TASK GOAL: An exact reprint of all the records is the expected answer.

[Crawled caption data]
++++++++
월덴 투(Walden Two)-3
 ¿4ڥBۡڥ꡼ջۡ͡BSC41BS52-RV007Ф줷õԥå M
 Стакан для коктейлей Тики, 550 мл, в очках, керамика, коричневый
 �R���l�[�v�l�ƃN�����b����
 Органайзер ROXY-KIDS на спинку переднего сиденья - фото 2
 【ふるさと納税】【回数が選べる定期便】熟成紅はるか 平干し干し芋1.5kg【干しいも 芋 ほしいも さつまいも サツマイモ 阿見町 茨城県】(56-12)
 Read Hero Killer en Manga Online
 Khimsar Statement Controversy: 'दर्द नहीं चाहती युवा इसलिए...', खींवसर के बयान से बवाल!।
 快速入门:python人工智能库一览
++++++++
TASK RESULT:
월덴 투(Walden Two)-3
 ¿4ڥBۡڥ꡼ջۡ͡BSC41BS52-RV007Ф줷õԥå M
 Стакан для коктейлей Тики, 550 мл, в очках, керамика, коричневый
 �R���l�[�v�l�ƃN�����b����
 Органайзер ROXY-KIDS на спинку переднего сиденья - фото 2
 【ふるさと納税】【回数が選べる定期便】熟成紅はるか 平干し干し芋1.5kg【干しいも 芋 ほしいも さつまいも サツマイモ 阿見町 茨城県】(56-12)
 Read Hero Killer en Manga Online
 Khimsar Statement Controversy: 'दर्द नहीं चाहती युवा इसलिए...', खींवसर के बयान से बवाल!।
 快速入门:python人工智能库一览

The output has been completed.